Swedish camping and resort company

First Camp is a Swedish camping and resort company headquartered in Gothenburg, Sweden. Founded in 2002, the company operates camping destinations, holiday resorts and accommodation facilities across Northern Europe.

The company has expanded through acquisitions and mergers and operates destinations in Sweden, Denmark, Norway, Finland, Germany and Switzerland.

== History ==

First Camp was founded in 2002 as Sweden's first nationwide private camping chain.

The company expanded through acquisitions during the 2000s and 2010s. In 2019, Nordic Camping & Resort acquired First Camp, and the combined business continued under the First Camp brand.

During the 2020s, First Camp expanded further across the Nordic region through acquisitions and organic growth.

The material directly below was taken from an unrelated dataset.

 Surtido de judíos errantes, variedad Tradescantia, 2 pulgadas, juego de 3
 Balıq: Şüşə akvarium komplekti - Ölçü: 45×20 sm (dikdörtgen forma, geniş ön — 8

The company subsequently entered Finland, Germany and Switzerland through acquisitions of camping and holiday resort operators.

== Operations ==

First Camp operates camping destinations, holiday resorts and accommodation facilities across Northern Europe.

The company offers pitches for caravans, motorhomes and tents, as well as cabins, glamping accommodation and resort facilities.

According to the company's 2024 annual report, the group operates more than 90 destinations and serves guests across six European countries.

First Camp has been cited in Swedish business and tourism media in connection with trends in domestic tourism, camping and motorhome travel.